From the first line to the last, print the data exactly as written.

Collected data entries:
============

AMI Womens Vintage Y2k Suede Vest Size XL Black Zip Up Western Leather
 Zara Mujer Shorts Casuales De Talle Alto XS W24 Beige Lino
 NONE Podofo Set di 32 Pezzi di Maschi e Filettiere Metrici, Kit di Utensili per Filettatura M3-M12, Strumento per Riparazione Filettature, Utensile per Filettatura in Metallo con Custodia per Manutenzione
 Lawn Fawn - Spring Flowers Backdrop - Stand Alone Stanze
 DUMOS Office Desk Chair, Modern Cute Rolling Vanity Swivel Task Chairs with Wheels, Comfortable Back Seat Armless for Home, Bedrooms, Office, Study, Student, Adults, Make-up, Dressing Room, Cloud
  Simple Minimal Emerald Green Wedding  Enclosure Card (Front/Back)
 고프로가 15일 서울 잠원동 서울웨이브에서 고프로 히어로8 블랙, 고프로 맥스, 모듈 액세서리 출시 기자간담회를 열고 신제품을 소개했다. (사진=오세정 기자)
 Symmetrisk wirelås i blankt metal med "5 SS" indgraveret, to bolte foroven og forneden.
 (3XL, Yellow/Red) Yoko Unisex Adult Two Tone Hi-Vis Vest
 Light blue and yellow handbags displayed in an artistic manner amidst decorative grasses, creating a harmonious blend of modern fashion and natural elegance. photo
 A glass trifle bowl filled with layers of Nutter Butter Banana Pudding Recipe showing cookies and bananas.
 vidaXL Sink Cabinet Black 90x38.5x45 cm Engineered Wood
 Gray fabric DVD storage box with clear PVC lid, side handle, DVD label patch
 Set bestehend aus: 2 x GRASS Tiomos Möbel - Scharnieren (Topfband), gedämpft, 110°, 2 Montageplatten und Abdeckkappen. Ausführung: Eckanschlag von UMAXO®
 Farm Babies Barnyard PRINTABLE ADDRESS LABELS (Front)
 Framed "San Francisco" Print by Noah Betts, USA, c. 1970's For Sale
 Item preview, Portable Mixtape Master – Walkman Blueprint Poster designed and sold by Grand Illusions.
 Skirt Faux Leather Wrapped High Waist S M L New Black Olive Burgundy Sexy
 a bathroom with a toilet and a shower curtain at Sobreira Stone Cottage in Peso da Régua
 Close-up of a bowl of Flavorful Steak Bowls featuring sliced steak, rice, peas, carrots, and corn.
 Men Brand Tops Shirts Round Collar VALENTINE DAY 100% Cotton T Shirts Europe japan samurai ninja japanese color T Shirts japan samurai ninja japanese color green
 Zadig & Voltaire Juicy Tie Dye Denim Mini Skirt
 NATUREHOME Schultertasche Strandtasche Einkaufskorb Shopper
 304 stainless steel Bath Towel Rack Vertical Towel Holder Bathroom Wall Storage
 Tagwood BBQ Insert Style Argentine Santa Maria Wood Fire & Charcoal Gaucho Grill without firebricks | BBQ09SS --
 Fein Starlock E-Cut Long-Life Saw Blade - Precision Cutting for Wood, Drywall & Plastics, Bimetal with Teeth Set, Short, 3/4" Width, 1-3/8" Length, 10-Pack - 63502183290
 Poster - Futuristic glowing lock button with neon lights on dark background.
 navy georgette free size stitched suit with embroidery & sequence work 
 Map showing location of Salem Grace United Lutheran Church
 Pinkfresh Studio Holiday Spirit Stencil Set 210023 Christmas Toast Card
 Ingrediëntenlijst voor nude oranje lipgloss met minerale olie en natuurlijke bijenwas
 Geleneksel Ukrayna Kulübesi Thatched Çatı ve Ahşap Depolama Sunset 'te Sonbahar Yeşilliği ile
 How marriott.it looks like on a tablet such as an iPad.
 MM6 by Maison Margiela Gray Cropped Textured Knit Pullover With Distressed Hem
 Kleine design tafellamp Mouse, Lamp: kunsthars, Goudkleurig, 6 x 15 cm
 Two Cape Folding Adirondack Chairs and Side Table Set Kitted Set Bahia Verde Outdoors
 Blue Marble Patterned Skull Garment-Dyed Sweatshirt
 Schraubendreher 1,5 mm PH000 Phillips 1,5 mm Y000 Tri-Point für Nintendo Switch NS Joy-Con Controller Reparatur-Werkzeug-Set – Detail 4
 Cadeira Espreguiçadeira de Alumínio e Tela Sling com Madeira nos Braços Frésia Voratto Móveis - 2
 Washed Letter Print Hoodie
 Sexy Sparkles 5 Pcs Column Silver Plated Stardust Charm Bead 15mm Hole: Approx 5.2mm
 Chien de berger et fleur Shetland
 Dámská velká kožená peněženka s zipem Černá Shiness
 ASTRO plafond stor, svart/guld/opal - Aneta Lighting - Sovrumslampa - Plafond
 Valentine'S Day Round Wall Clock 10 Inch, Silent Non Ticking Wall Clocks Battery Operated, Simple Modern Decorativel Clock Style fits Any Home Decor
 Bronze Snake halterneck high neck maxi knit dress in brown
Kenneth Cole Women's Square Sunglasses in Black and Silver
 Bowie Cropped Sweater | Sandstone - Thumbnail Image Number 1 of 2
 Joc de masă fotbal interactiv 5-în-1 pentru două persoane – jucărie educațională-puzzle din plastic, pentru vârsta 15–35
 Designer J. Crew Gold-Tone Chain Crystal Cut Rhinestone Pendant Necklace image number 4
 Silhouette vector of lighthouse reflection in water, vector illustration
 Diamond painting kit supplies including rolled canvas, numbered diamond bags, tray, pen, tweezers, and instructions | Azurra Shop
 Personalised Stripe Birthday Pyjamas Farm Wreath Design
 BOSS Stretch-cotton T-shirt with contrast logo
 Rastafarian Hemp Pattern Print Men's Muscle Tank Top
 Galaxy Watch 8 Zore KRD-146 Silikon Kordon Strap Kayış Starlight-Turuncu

============

→ **Exercise response**
AMI Womens Vintage Y2k Suede Vest Size XL Black Zip Up Western Leather
 Zara Mujer Shorts Casuales De Talle Alto XS W24 Beige Lino
 NONE Podofo Set di 32 Pezzi di Maschi e Filettiere Metrici, Kit di Utensili per Filettatura M3-M12, Strumento per Riparazione Filettature, Utensile per Filettatura in Metallo con Custodia per Manutenzione
 Lawn Fawn - Spring Flowers Backdrop - Stand Alone Stanze
 DUMOS Office Desk Chair, Modern Cute Rolling Vanity Swivel Task Chairs with Wheels, Comfortable Back Seat Armless for Home, Bedrooms, Office, Study, Student, Adults, Make-up, Dressing Room, Cloud
  Simple Minimal Emerald Green Wedding  Enclosure Card (Front/Back)
 고프로가 15일 서울 잠원동 서울웨이브에서 고프로 히어로8 블랙, 고프로 맥스, 모듈 액세서리 출시 기자간담회를 열고 신제품을 소개했다. (사진=오세정 기자)
 Symmetrisk wirelås i blankt metal med "5 SS" indgraveret, to bolte foroven og forneden.
 (3XL, Yellow/Red) Yoko Unisex Adult Two Tone Hi-Vis Vest
 Light blue and yellow handbags displayed in an artistic manner amidst decorative grasses, creating a harmonious blend of modern fashion and natural elegance. photo
 A glass trifle bowl filled with layers of Nutter Butter Banana Pudding Recipe showing cookies and bananas.
 vidaXL Sink Cabinet Black 90x38.5x45 cm Engineered Wood
 Gray fabric DVD storage box with clear PVC lid, side handle, DVD label patch
 Set bestehend aus: 2 x GRASS Tiomos Möbel - Scharnieren (Topfband), gedämpft, 110°, 2 Montageplatten und Abdeckkappen. Ausführung: Eckanschlag von UMAXO®
 Farm Babies Barnyard PRINTABLE ADDRESS LABELS (Front)
 Framed "San Francisco" Print by Noah Betts, USA, c. 1970's For Sale
 Item preview, Portable Mixtape Master – Walkman Blueprint Poster designed and sold by Grand Illusions.
 Skirt Faux Leather Wrapped High Waist S M L New Black Olive Burgundy Sexy
 a bathroom with a toilet and a shower curtain at Sobreira Stone Cottage in Peso da Régua
 Close-up of a bowl of Flavorful Steak Bowls featuring sliced steak, rice, peas, carrots, and corn.
 Men Brand Tops Shirts Round Collar VALENTINE DAY 100% Cotton T Shirts Europe japan samurai ninja japanese color T Shirts japan samurai ninja japanese color green
 Zadig & Voltaire Juicy Tie Dye Denim Mini Skirt
 NATUREHOME Schultertasche Strandtasche Einkaufskorb Shopper
 304 stainless steel Bath Towel Rack Vertical Towel Holder Bathroom Wall Storage
 Tagwood BBQ Insert Style Argentine Santa Maria Wood Fire & Charcoal Gaucho Grill without firebricks | BBQ09SS --
 Fein Starlock E-Cut Long-Life Saw Blade - Precision Cutting for Wood, Drywall & Plastics, Bimetal with Teeth Set, Short, 3/4" Width, 1-3/8" Length, 10-Pack - 63502183290
 Poster - Futuristic glowing lock button with neon lights on dark background.
 navy georgette free size stitched suit with embroidery & sequence work 
 Map showing location of Salem Grace United Lutheran Church
 Pinkfresh Studio Holiday Spirit Stencil Set 210023 Christmas Toast Card
 Ingrediëntenlijst voor nude oranje lipgloss met minerale olie en natuurlijke bijenwas
 Geleneksel Ukrayna Kulübesi Thatched Çatı ve Ahşap Depolama Sunset 'te Sonbahar Yeşilliği ile
 How marriott.it looks like on a tablet such as an iPad.
 MM6 by Maison Margiela Gray Cropped Textured Knit Pullover With Distressed Hem
 Kleine design tafellamp Mouse, Lamp: kunsthars, Goudkleurig, 6 x 15 cm
 Two Cape Folding Adirondack Chairs and Side Table Set Kitted Set Bahia Verde Outdoors
 Blue Marble Patterned Skull Garment-Dyed Sweatshirt
 Schraubendreher 1,5 mm PH000 Phillips 1,5 mm Y000 Tri-Point für Nintendo Switch NS Joy-Con Controller Reparatur-Werkzeug-Set – Detail 4
 Cadeira Espreguiçadeira de Alumínio e Tela Sling com Madeira nos Braços Frésia Voratto Móveis - 2
 Washed Letter Print Hoodie
 Sexy Sparkles 5 Pcs Column Silver Plated Stardust Charm Bead 15mm Hole: Approx 5.2mm
 Chien de berger et fleur Shetland
 Dámská velká kožená peněženka s zipem Černá Shiness
 ASTRO plafond stor, svart/guld/opal - Aneta Lighting - Sovrumslampa - Plafond
 Valentine'S Day Round Wall Clock 10 Inch, Silent Non Ticking Wall Clocks Battery Operated, Simple Modern Decorativel Clock Style fits Any Home Decor
 Bronze Snake halterneck high neck maxi knit dress in brown
Kenneth Cole Women's Square Sunglasses in Black and Silver
 Bowie Cropped Sweater | Sandstone - Thumbnail Image Number 1 of 2
 Joc de masă fotbal interactiv 5-în-1 pentru două persoane – jucărie educațională-puzzle din plastic, pentru vârsta 15–35
 Designer J. Crew Gold-Tone Chain Crystal Cut Rhinestone Pendant Necklace image number 4
 Silhouette vector of lighthouse reflection in water, vector illustration
 Diamond painting kit supplies including rolled canvas, numbered diamond bags, tray, pen, tweezers, and instructions | Azurra Shop
 Personalised Stripe Birthday Pyjamas Farm Wreath Design
 BOSS Stretch-cotton T-shirt with contrast logo
 Rastafarian Hemp Pattern Print Men's Muscle Tank Top
 Galaxy Watch 8 Zore KRD-146 Silikon Kordon Strap Kayış Starlight-Turuncu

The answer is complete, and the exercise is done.